L’insurrezione contro le tasse sul carburante unisce una gran parte della
classe media. Essa protesta anche contro l’indifferenza dei “primi della
cordata”, contro il centralismo del
potere e l’assenza di democrazia. Il poujadismo si fermava ai piccoli
commercianti, la sociologia degli indignati è più ampia. I macronisti senza dubbio non amano questa Francia: troppo bianca,
troppo attaccata alle radici, troppo patriottica».
FERMARE LA DEGRADAZIONE
«Siccome le
classi medie non creavano problemi, i governanti per troppo tempo hanno pensato
che non ne avessero», scrive Dominique
Reynié, direttore generale di Fondapol, un centro studi
liberal-progressista ed europeista. «L’aumento delle tasse sui carburanti le
conduce alla rivolta perché si sentono ingannate, essendo l’automobile
indissociabile dal modello residenziale che esse rivendicano come loro ideale.
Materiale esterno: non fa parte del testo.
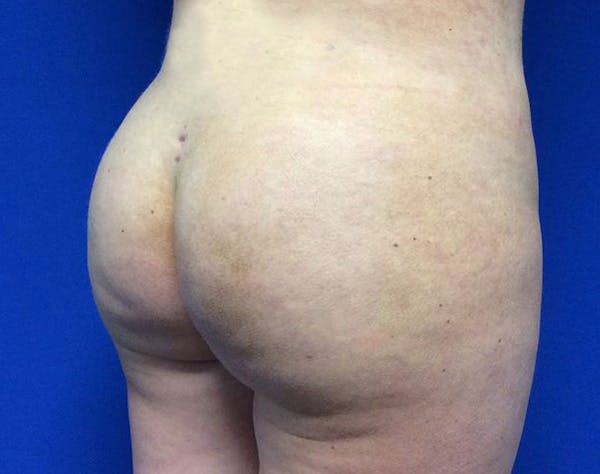 Brazilian Butt Lift Before & After Gallery - Patient 261106 - Image 4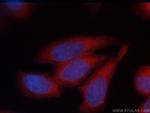 Annexin V Antibody in Immunocytochemistry (ICC/IF)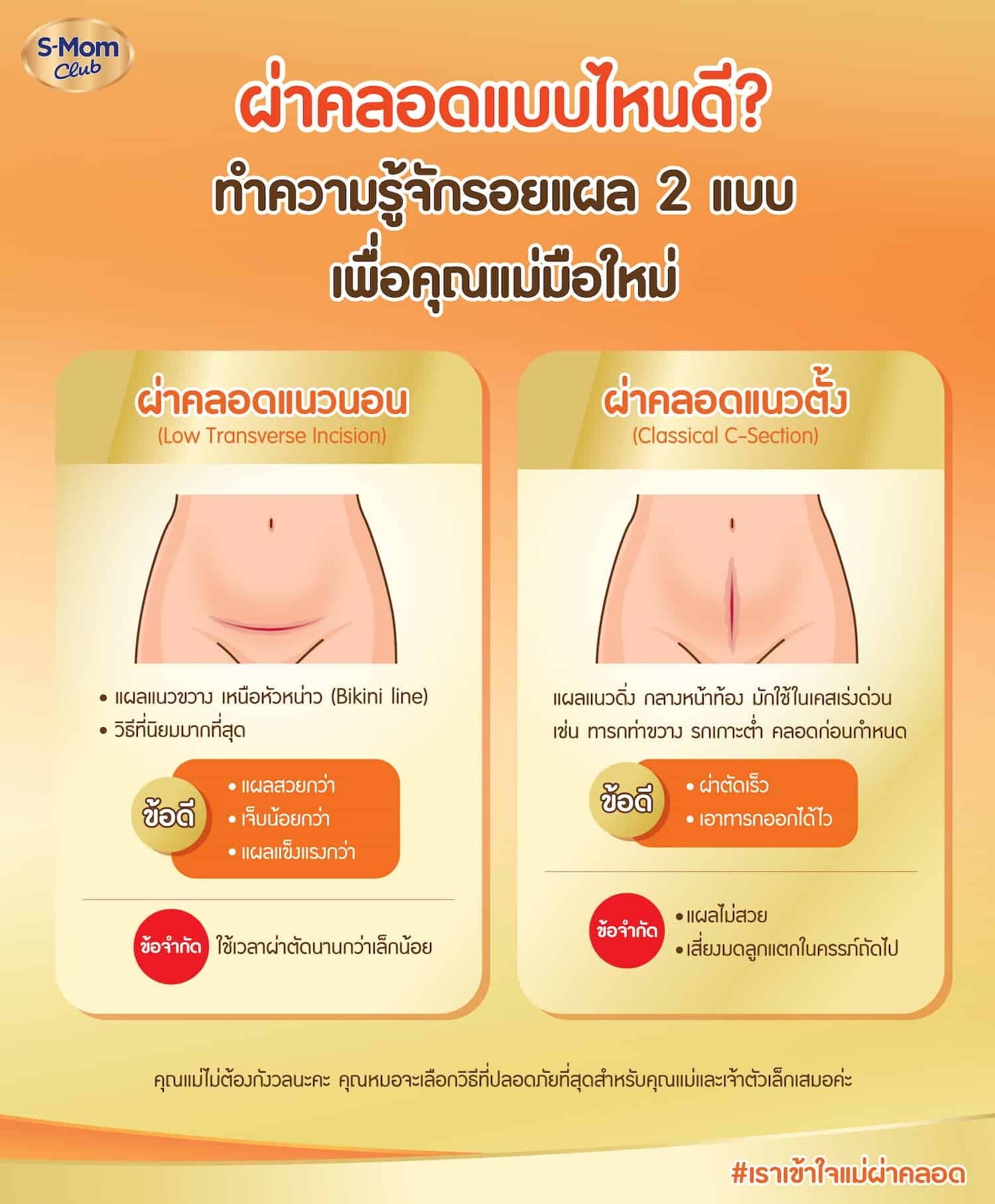 ผ่าคลอดแนวตั้ง vs แนวนอน ต่างกันอย่างไร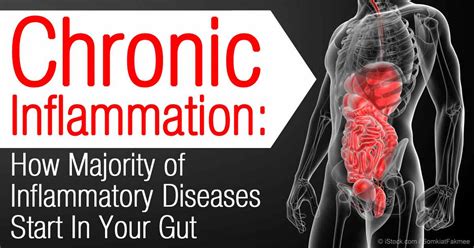 Inflammation The Prerequisite To Disease 302 Medici Enterprises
Era un mondo a parte, con un certo confort a prezzo moderato, ma anche al
riparo dalle forme di vita urbana contemporanea che fanno paura: l’inciviltà,
una certa brutalità, i conflitti interculturali… Dopo una serie di misure come
la chiusura dei commissariati o degli ospedali, l’aumento del prezzo della
benzina e del gasolio è percepito come la conferma che a essere messo in discussione è il modo di vivere delle classi medie, il
loro stile di vita. I “giubbotti gialli” sono il primo tentativo di
arrestare questo processo di degradazione. Non sarà l’ultimo».
COSCIENZA RIVOLUZIONARIA
Infine Jean-Claude
Michea, l’autore de I misteri della Sinistra, si è
schierato apertamente coi giubbotti gialli, contrapponendo il loro movimento a
quello del 2016 contro la riforma della legislazione sul lavoro al tempo della
presidenza Hollande: «Il movimento dei “giubbotti gialli” è, in una certa
maniera, l’esatto contrario di “Nuit Debout”. Quest’ultimo movimento,
semplificando, era in effetti anzitutto un tentativo incoraggiato dalla maggior
parte della stampa borghese da parte del “10%” (cioè coloro che sono preposti o
stanno per esserlo all’inquadramento tecnico, politico e culturale del
capitalismo moderno) di disinnescare la critica radicale del Sistema, dirigendo
tutta l’attenzione politica sul solo potere (certo decisivo) di Wall Street e
dei famosi “1%”. Una rivolta, di
conseguenza, dei ceti urbani ipermobili e superdiplomati che rappresentano, dai
tempi di Mitterrand, il principale vivaio nel quale si reclutano i quadri della
sinistra e dell’estrema sinistra liberali. Nel
caso dei “giubbotti gialli”, al contrario, sono proprio quelli che stanno in
basso che si ribellano, avendo sufficiente coscienza rivoluzionaria per
rifiutare di dovere ancora scegliere fra sfruttatori di destra e sfruttatori di
sinistra».
CONTRO GLI SFRUTTATORI DI SINISTRA
Agli sfruttatori di sinistra e al loro moralismo
ecologista il socialista Michéa riserva la sua indignazione: «Non è l’auto come simbolo della loro
integrazione al mondo del consumo che i “giubbotti gialli” difendono. Si tratta
semplicemente del fatto che la loro vettura diesel acquistata di seconda mano
(e che la Commissione Europea cerca già di togliere loro inventando
continuamente nuove norme di “controllo tecnico”) rappresenta la loro ultima
possibilità di sopravvivere, cioè di avere ancora un tetto, un lavoro e
qualcosa da mangiare, loro e la loro famiglia, all’interno del sistema
capitalistico così come è diventato, e che avvantaggia sempre più i vincenti
della mondializzazione. E pensare che è anzitutto questa “sinistra al
kerosene”, che vola di aeroporto in aeroporto per portare nelle università del
mondo intero (e in tutti i Festival di Cannes) la buona parola “ecologica” e
“associativa” che osa impartire a loro lezioni di ambientalismo!».